Also, is it just me or is it that since BF3 got the server update for consoles, 90% of the matches are sooooo long? Most matches have 1500 tickets before the match ends. 1500! FYI - number of tickets = number of deaths allowed and it decreases slowly when opposing team has captured most objectives.


----------



## BORTZ (Apr 22, 2012)

Dude the server update sucks. i cant find matchs where the Admins dont get pissy about getting killed or anything. "youre pretty good, better kick you"


----------



## R2DJ (Apr 23, 2012)

BortzANATOR said:


> Dude the server update sucks. i cant find matchs where the Admins dont get pissy about getting killed or anything. "youre pretty good, better kick you"


Since the update came out, I'm pretty much exclusive to the Knife only/Knife+pistol only/No snipers lobbies. I've yet to try it wholly. 

But yeah IMO the update kinda brought the game down. Now the game's full of max ticket whores.


----------



## yuyuyup (Apr 23, 2012)

R2DJ said:


> Theraima said:
> 
> 
> > Good read huh? How about A Song of Ice and Fire? It's really good if you ask me...
> ...


You mean FRAG round, right


----------



## chyyran (Apr 23, 2012)

You seem to have a variant of "pirate's syndrome"

You didn't mention any piracy, but the principle is the same, you have easy access to games, and you've got lots, so you get bored quickly.

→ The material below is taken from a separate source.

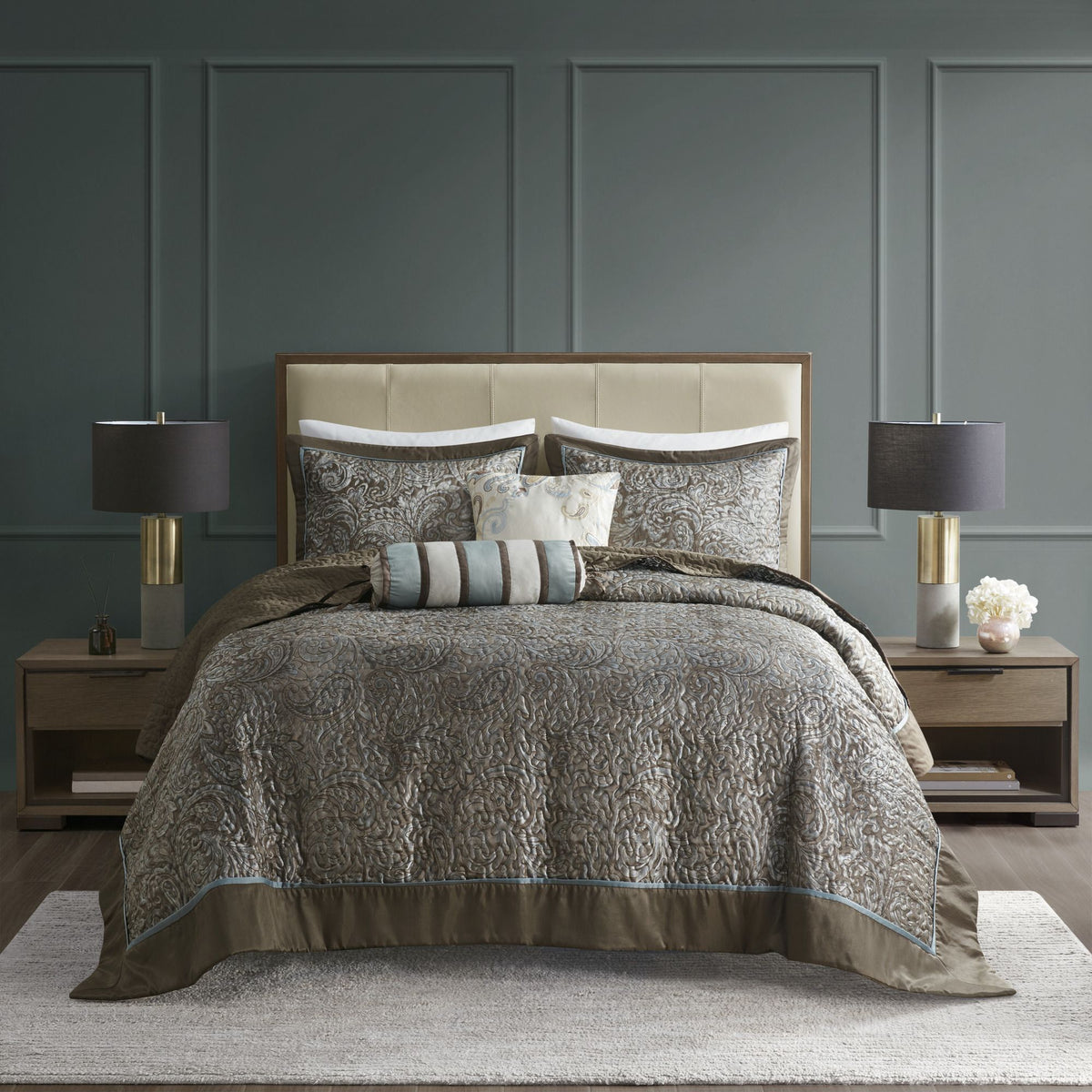 Reversible Jacquard Paisley Bedspread Set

Happens to many people.

I know how you feel, good luck man.


Oh, The Hunger Games trilogy is fricking awesome. I recommend you to read it. In fact, go out and buy them now!


----------



## BORTZ (Apr 23, 2012)

R2DJ said:


> BortzANATOR said:
> 
> 
> > Dude the server update sucks. i cant find matchs where the Admins dont get pissy about getting killed or anything. "youre pretty good, better kick you"
> ...


Hahaha i agree. 
Either way, i just run around USAS-ing the shit out of people with buckshot lol


----------



## R2DJ (Apr 23, 2012)

Punyman said:


> You seem to have a variant of "pirate's syndrome"
> 
> You didn't mention any piracy, but the principle is the same, you have easy access to games, and you've got lots, so you get bored quickly. Happens to many people.
> 
> ...


Thanks. Couldn't agree more. I've decided to cancel my Lovefilm account due to this, and I plan to resume it once I finish the games that I physically own. But with Skyrim being one of them, this will be a nearly impossible feat  Whilst I wait for it to be cancelled, I've made a list with 50 Blu Ray titles that I plan to watch.

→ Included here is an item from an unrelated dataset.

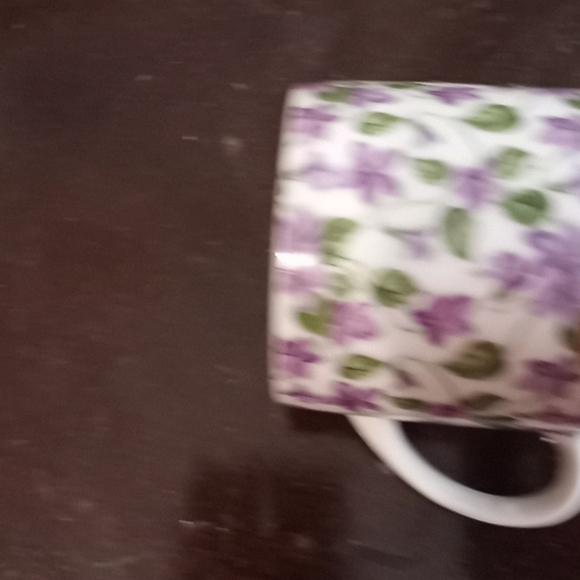 Teacups - Picture 14 of 16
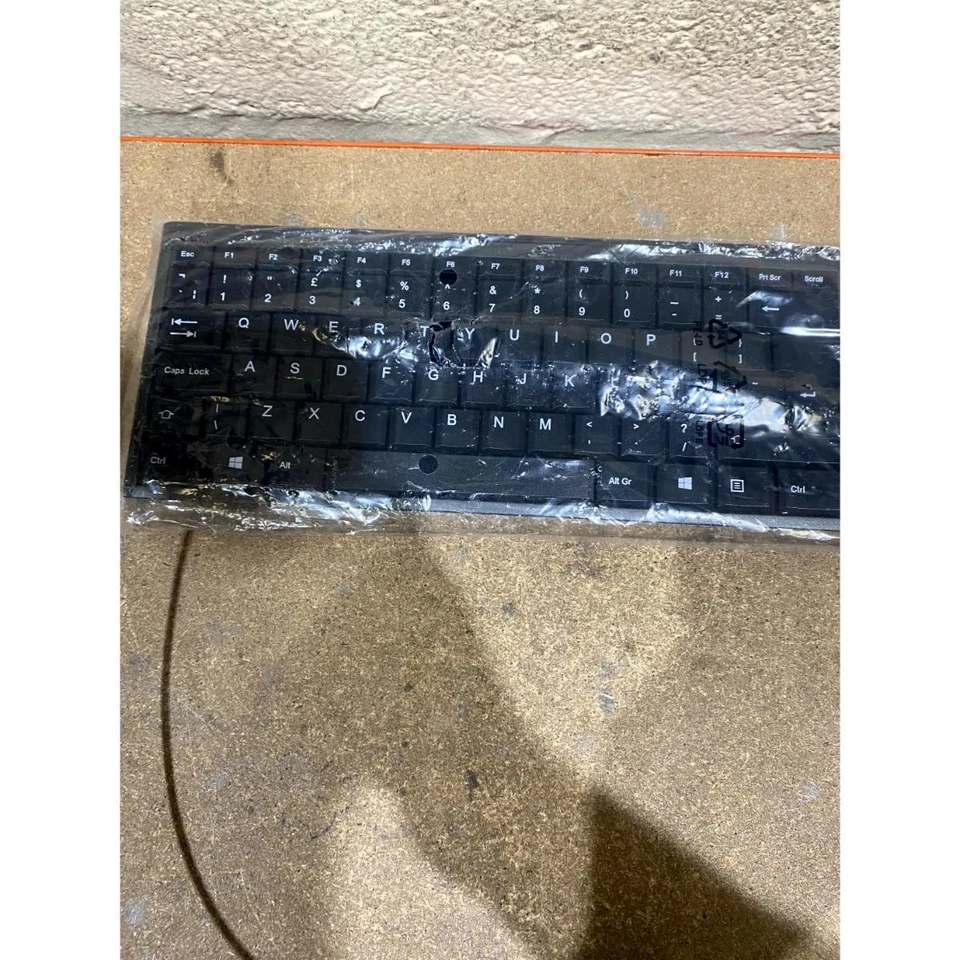 ASUS U79K Keyboard Black 2.4G Wireless Quiet Keys QWERTY (Standard) for Desktop - Image 3 of 4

I've got the books the day I made this thread lol. Haven't read a proper book for quite some time and it was nice to physically own one again.


BortzANATOR said:


> Hahaha i agree.
> Either way, i just run around USAS-ing the shit out of people with buckshot lol





yuyuyup said:


> You mean FRAG round, right


No typos. I've been hearing stuff saying it's been nerfed but I haven't really kept up with it. I try to avoid it and avoid people using it, though it's good fun after a serious sesh. 

Funny that when I got banned on that knife only lobby, everyone was actually using guns and I barely see anyone getting kicked (I had a nemesis on me with 7 kills and he has killed me 5 times with a FAMAS). I was doing knife kills then then I instantly got kicked the first time I killed someone with a shotty. Blasphemy!


----------